Learning Objectives
6 objectivesBy the end of this note, you should be able to:
- Define atom, element, ion, molecule, compound, empirical formula and molecular formula.
- Use the mole and Avogadro constant in particle-number calculations.
- Write balanced full and ionic equations including state symbols.
- Define and calculate Ar, Mr and relative formula mass on the ¹²C scale.
- Understand molar mass in g mol⁻¹ and parts per million (ppm).
- Calculate solution concentration in mol dm⁻³ and g dm⁻³.

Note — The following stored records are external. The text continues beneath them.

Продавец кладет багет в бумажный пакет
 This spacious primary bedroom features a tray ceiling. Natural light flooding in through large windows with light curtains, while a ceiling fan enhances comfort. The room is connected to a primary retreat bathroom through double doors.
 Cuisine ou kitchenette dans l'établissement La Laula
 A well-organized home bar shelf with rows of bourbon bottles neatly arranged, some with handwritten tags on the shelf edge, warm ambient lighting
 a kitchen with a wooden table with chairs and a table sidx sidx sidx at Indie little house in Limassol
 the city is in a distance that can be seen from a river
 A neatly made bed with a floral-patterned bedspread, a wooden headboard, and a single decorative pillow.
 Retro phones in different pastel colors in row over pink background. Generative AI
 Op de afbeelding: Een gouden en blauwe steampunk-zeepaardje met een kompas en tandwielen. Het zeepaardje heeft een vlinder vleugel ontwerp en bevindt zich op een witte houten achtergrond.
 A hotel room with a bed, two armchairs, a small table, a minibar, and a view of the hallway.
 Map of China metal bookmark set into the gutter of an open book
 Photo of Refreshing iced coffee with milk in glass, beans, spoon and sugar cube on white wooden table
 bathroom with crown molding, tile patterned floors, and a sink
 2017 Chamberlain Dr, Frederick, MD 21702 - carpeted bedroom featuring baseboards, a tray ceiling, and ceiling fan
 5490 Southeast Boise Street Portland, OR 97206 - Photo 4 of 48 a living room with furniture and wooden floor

Foundational Particle and Formula Definitions
Chemistry rests on precise definitions of particles and formulae, because every later calculation depends on knowing exactly what each term means.
An atom is the smallest particle of an element that retains the chemical properties of that element.
An element is a substance made of only one type of atom, where every atom shares the same number of protons.
An ion is a charged particle formed when an atom or group of atoms loses or gains one or more electrons. Cations are positive ions formed by electron loss; anions are negative ions formed by electron gain.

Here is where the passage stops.